_What to produce_. Without any pictures, retype exactly the lines that begin at the one holding "Langhaugen - * Kabelvåg" and end at the last line of the data below.

_Stored data_.
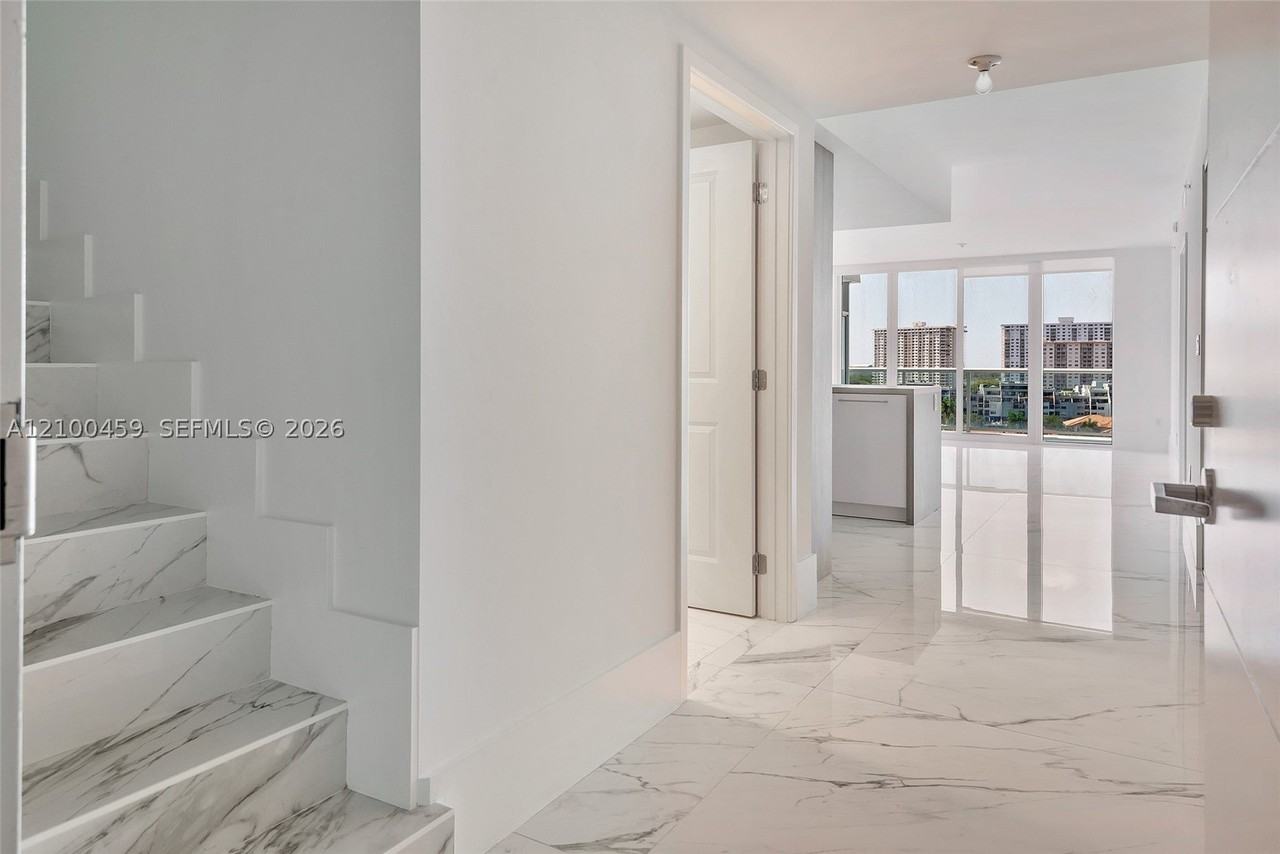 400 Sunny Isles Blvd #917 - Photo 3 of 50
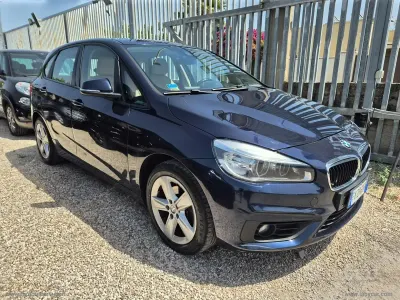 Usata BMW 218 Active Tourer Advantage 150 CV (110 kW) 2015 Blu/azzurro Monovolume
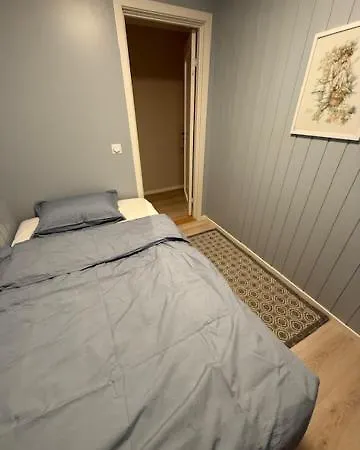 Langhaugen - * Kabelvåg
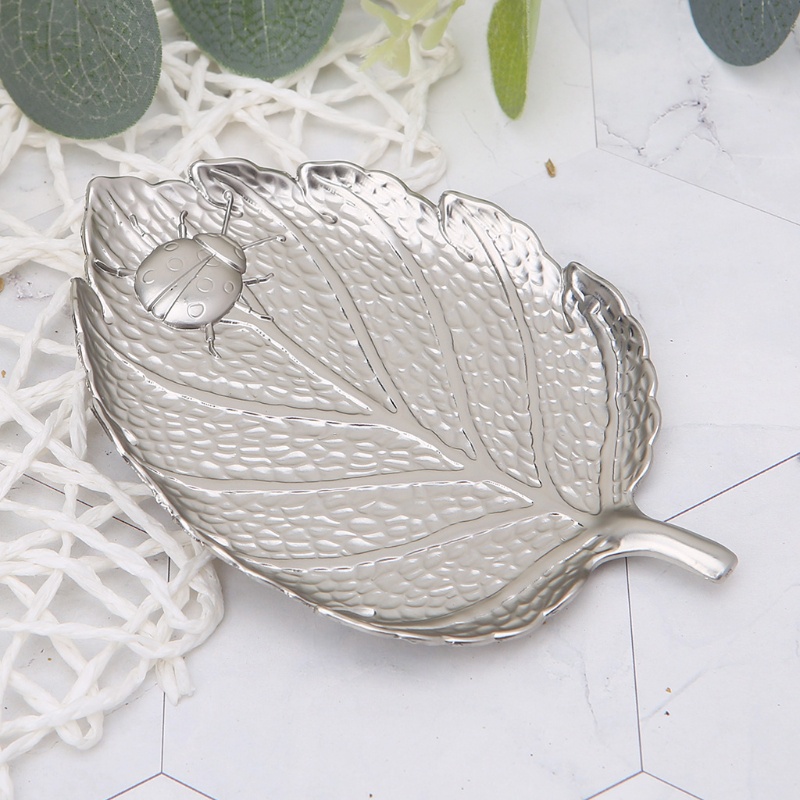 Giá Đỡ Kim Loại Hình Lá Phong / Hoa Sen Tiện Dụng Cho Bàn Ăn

_Response to the task_.
 Langhaugen - * Kabelvåg
 Giá Đỡ Kim Loại Hình Lá Phong / Hoa Sen Tiện Dụng Cho Bàn Ăn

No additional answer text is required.